The Australian Taxation Office (ATO) is following up on more than 200 cases of possible cheating of the country’s JobKeeper wage subsidy scheme introduced last year in response to the Covid-19 pandemic.

So far it has identified A$284m (US$211m, €179m) of overpayments, clawed back about A$138m and discovered some businesses invented wages for a cash flow boost. They are being pursued, broadcaster ABC reported.

In addition, the national police service is leading nine operations which focus on tackling alleged crimes against the stimulus measures, five related to the JobKeeper Payment Scheme and four to Early Release of Superannuation.

To date, two people have been convicted under the Taxation Administration Act, two more are before the courts facing similar charges and seven other cases are being considered for criminal prosecution, an ATO spokesman said.

The agency has also applied penalties in more than 115 JobKeeper matters.
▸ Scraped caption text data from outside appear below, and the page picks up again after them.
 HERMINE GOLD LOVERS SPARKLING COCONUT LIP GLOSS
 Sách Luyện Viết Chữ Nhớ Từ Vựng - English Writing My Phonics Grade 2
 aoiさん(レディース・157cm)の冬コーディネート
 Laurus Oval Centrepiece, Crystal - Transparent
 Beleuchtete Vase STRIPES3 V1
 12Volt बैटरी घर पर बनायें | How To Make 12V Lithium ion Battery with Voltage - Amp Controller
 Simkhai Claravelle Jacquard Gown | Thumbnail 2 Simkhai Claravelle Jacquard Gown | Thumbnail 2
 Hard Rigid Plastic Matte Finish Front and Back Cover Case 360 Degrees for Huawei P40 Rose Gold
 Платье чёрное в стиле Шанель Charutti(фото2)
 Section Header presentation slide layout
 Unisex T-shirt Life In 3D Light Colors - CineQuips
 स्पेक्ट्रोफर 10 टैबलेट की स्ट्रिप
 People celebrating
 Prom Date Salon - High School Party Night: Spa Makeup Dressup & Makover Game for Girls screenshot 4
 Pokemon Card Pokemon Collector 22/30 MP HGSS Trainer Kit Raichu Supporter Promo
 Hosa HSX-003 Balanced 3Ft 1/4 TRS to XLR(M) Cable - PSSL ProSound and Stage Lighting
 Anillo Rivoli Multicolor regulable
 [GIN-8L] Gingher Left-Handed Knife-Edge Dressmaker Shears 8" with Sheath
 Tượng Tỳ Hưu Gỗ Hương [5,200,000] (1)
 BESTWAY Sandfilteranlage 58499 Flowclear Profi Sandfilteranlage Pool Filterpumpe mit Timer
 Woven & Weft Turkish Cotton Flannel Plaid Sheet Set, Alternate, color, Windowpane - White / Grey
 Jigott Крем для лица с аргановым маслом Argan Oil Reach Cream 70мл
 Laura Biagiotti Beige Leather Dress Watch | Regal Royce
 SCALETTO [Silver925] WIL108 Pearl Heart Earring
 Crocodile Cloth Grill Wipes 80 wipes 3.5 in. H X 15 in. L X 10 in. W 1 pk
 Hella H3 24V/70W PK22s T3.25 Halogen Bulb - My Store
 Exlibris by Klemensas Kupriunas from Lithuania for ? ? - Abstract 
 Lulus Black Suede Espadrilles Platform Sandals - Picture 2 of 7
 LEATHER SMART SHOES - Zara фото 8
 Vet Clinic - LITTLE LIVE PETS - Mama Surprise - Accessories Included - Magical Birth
Of the remaining A$146m considered overpaid, the office is chasing A$82m but will not purse A$64m because it considered it was claimed in good faith and passed onto employees, he added.

Almost 3.8m employees in more than 1m businesses have received A$89bn-plus in payments since JobKeeper was introduced.

As for early release of superannuation, about 4.55m applications worth A$38bn for more than 3m people have been approved by the ATO. Around 2,800 applications worth less than A$18m are considered fraudulent by claimants via identity theft.

On the question of invented wages, the agency paused cash flow boost credits for about 29,500 entities while verifying their eligibility. The result was payments were adjusted to about 5,500. One suspected criminal offence is being investigated.

The ATO supported 817,000 small businesses with A$35.5bn, the spokesman said.